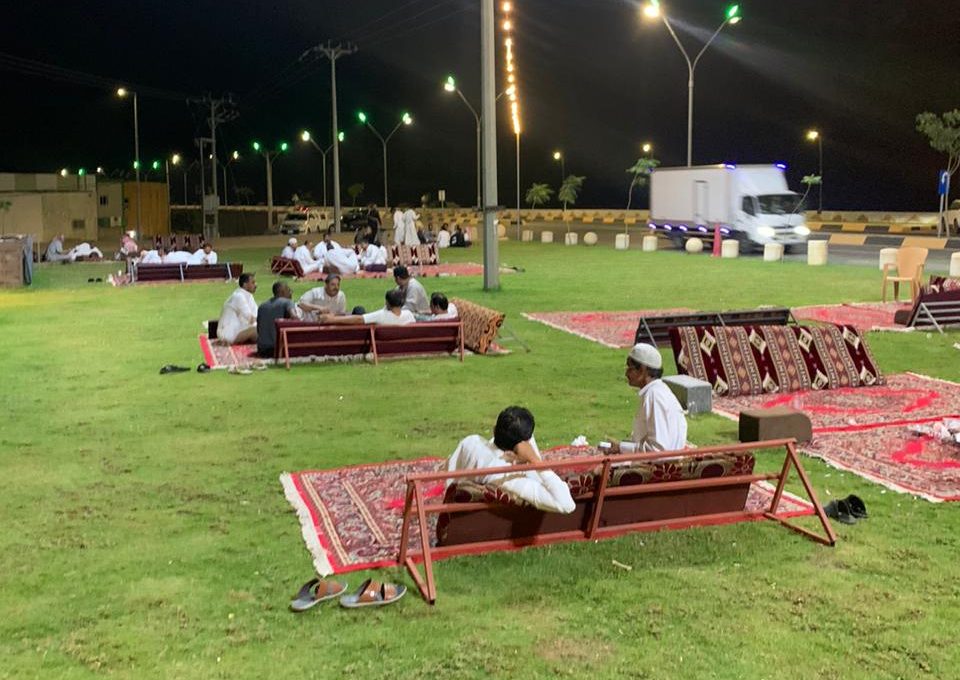 منتزه بلدية محافظة المخواة الدائري يحتوي الشباب لقضاء أوقاتهم الجميلة والممتعة به بشكل يومي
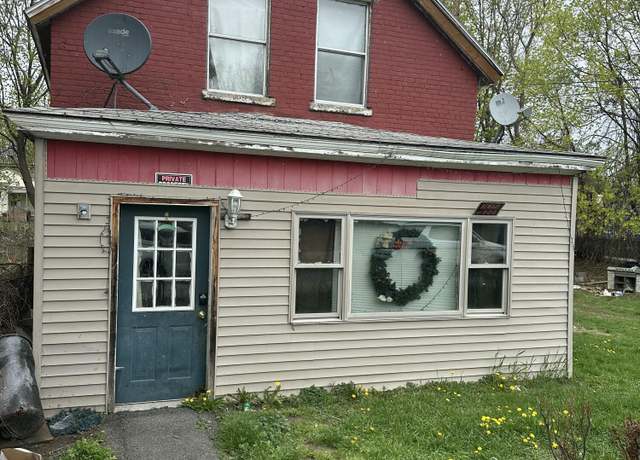Property at 423 3rd St, Albany, NY 12206, 3 beds, 1.5 baths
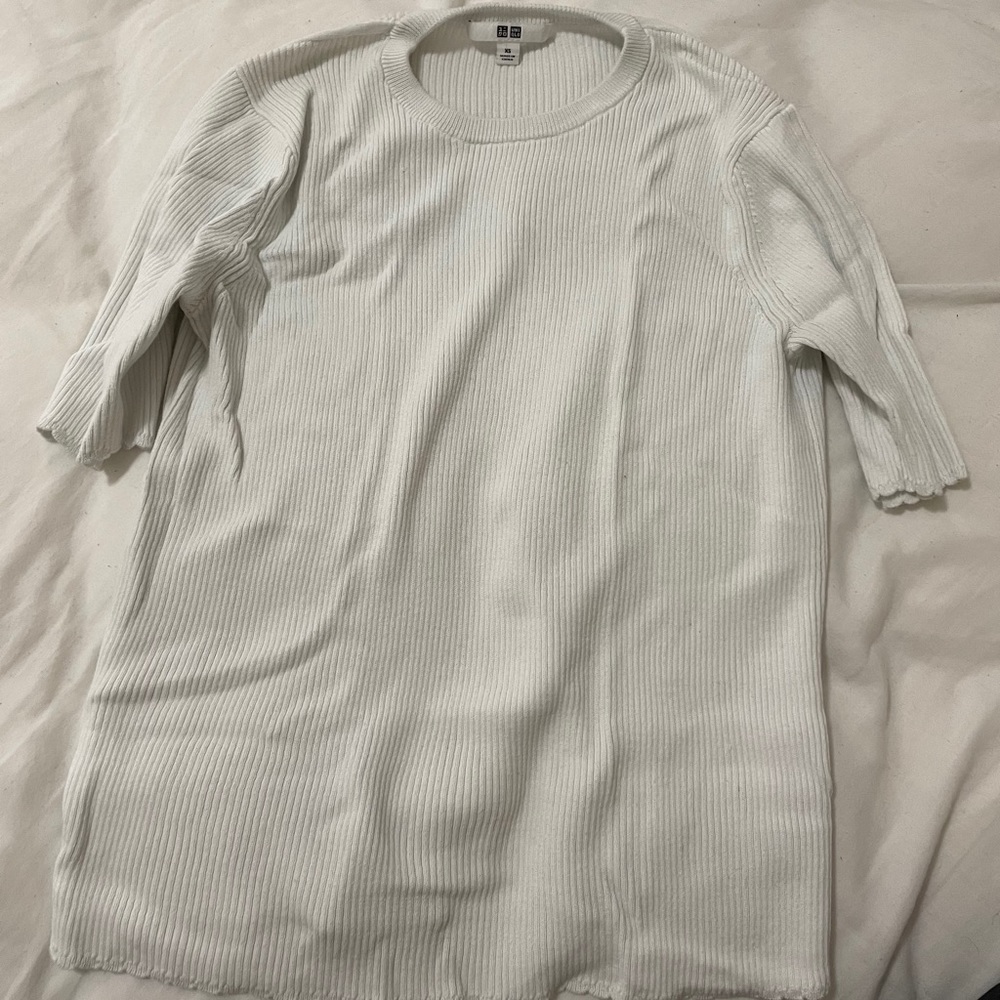 GUC Uniqlo White ribbed 3/4 sleeve top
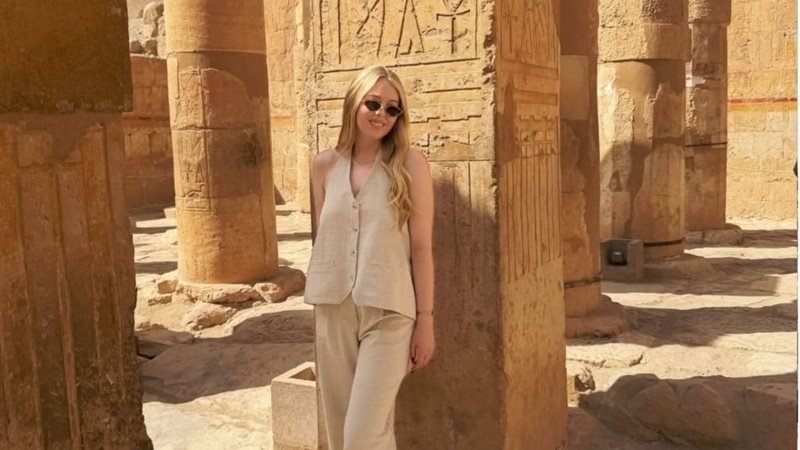 أثناء رحلة تيفاني للأقصر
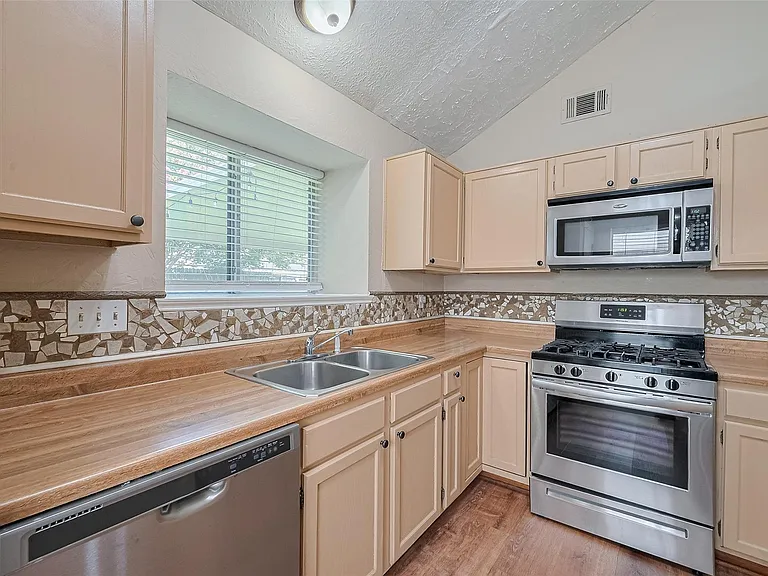 6907 Yardley Dr — Photo 13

========

| Problem description |
Without any pictures, print the whole listing again exactly as it stands.

| Output for this exercise |
 منتزه بلدية محافظة المخواة الدائري يحتوي الشباب لقضاء أوقاتهم الجميلة والممتعة به بشكل يومي
Property at 423 3rd St, Albany, NY 12206, 3 beds, 1.5 baths
 GUC Uniqlo White ribbed 3/4 sleeve top
 أثناء رحلة تيفاني للأقصر
 6907 Yardley Dr — Photo 13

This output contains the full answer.